**Information supplied:**

= = = = = = =

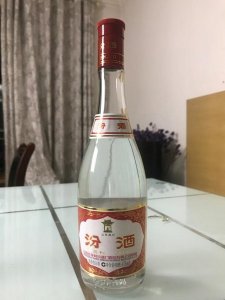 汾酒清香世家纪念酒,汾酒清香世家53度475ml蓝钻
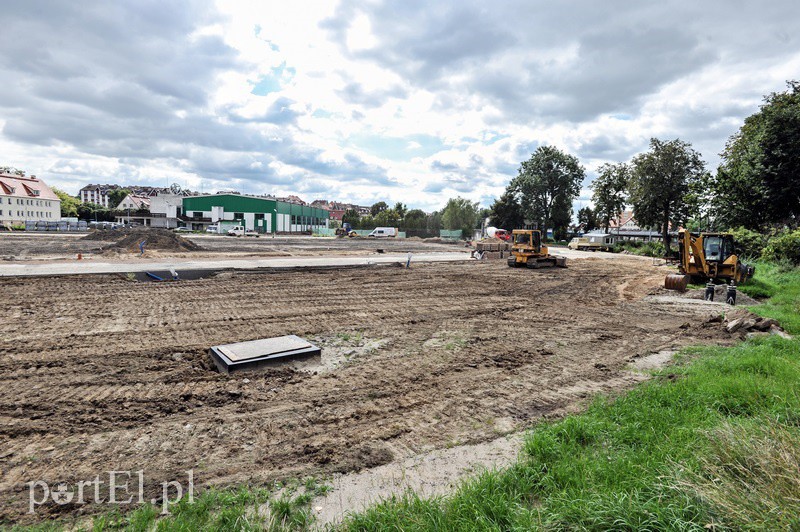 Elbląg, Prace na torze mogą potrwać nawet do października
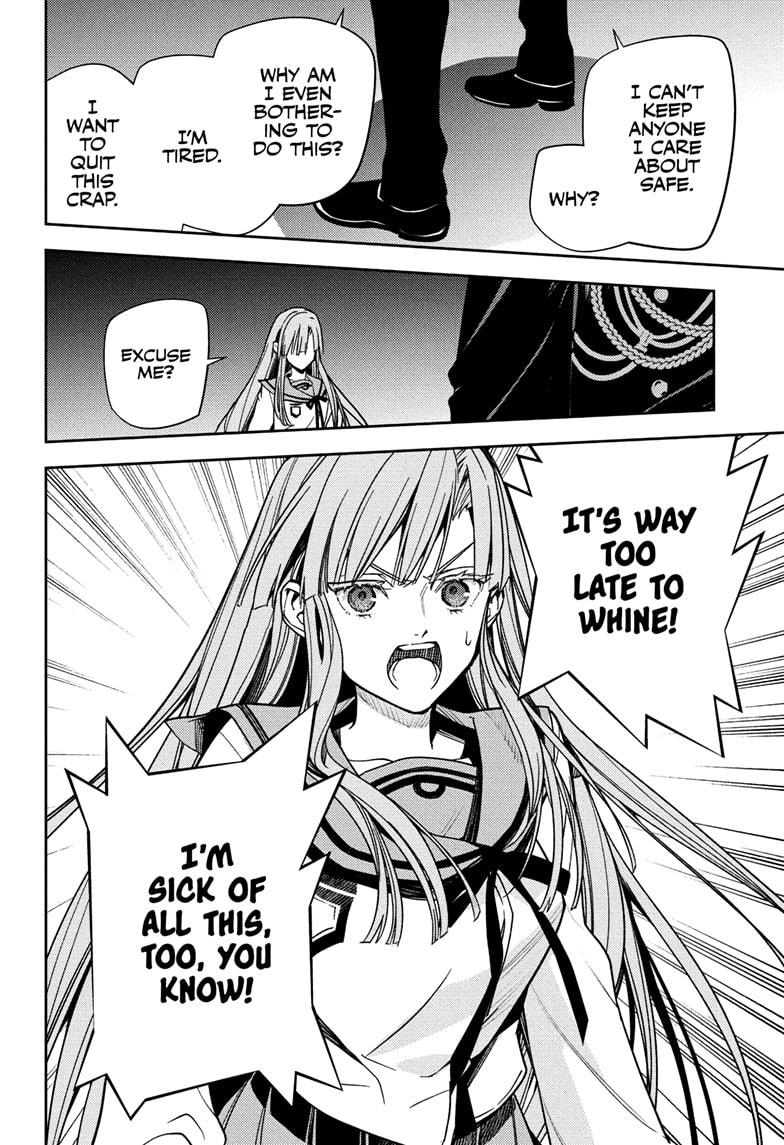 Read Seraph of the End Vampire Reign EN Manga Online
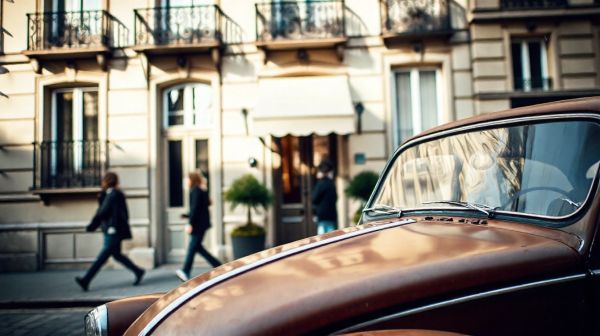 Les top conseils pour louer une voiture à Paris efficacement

= = = = = = =

**Exercise brief:** Please reproduce the material above word for word, without its images.

**The completed task:**
 汾酒清香世家纪念酒,汾酒清香世家53度475ml蓝钻
 Elbląg, Prace na torze mogą potrwać nawet do października
 Read Seraph of the End Vampire Reign EN Manga Online
 Les top conseils pour louer une voiture à Paris efficacement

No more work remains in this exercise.